__Aim of the task__.
Nothing but an exact repeat of the entries below should appear in your answer.

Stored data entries

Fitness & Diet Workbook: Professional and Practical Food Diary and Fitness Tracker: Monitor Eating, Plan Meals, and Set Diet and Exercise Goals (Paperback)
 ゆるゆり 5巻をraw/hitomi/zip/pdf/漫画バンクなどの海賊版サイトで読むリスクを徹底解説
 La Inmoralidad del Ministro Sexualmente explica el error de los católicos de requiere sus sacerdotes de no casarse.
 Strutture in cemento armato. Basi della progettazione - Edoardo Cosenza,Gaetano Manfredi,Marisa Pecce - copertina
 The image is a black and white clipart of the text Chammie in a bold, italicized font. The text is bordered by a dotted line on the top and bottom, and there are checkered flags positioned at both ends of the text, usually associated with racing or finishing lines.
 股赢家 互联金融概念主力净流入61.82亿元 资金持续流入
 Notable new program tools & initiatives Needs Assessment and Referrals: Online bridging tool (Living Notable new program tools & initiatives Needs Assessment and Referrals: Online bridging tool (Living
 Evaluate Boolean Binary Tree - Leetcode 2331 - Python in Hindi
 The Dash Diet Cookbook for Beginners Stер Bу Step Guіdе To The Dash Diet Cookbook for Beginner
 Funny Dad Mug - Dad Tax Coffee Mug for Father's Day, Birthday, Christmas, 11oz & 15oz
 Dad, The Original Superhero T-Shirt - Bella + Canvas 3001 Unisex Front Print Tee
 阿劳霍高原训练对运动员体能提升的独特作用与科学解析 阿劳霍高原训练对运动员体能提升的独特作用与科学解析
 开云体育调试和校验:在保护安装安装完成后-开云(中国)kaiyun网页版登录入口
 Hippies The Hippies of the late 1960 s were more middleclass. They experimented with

__Task output__.
Fitness & Diet Workbook: Professional and Practical Food Diary and Fitness Tracker: Monitor Eating, Plan Meals, and Set Diet and Exercise Goals (Paperback)
 ゆるゆり 5巻をraw/hitomi/zip/pdf/漫画バンクなどの海賊版サイトで読むリスクを徹底解説
 La Inmoralidad del Ministro Sexualmente explica el error de los católicos de requiere sus sacerdotes de no casarse.
 Strutture in cemento armato. Basi della progettazione - Edoardo Cosenza,Gaetano Manfredi,Marisa Pecce - copertina
 The image is a black and white clipart of the text Chammie in a bold, italicized font. The text is bordered by a dotted line on the top and bottom, and there are checkered flags positioned at both ends of the text, usually associated with racing or finishing lines.
 股赢家 互联金融概念主力净流入61.82亿元 资金持续流入
 Notable new program tools & initiatives Needs Assessment and Referrals: Online bridging tool (Living Notable new program tools & initiatives Needs Assessment and Referrals: Online bridging tool (Living
 Evaluate Boolean Binary Tree - Leetcode 2331 - Python in Hindi
 The Dash Diet Cookbook for Beginners Stер Bу Step Guіdе To The Dash Diet Cookbook for Beginner
 Funny Dad Mug - Dad Tax Coffee Mug for Father's Day, Birthday, Christmas, 11oz & 15oz
 Dad, The Original Superhero T-Shirt - Bella + Canvas 3001 Unisex Front Print Tee
 阿劳霍高原训练对运动员体能提升的独特作用与科学解析 阿劳霍高原训练对运动员体能提升的独特作用与科学解析
 开云体育调试和校验:在保护安装安装完成后-开云(中国)kaiyun网页版登录入口
 Hippies The Hippies of the late 1960 s were more middleclass. They experimented with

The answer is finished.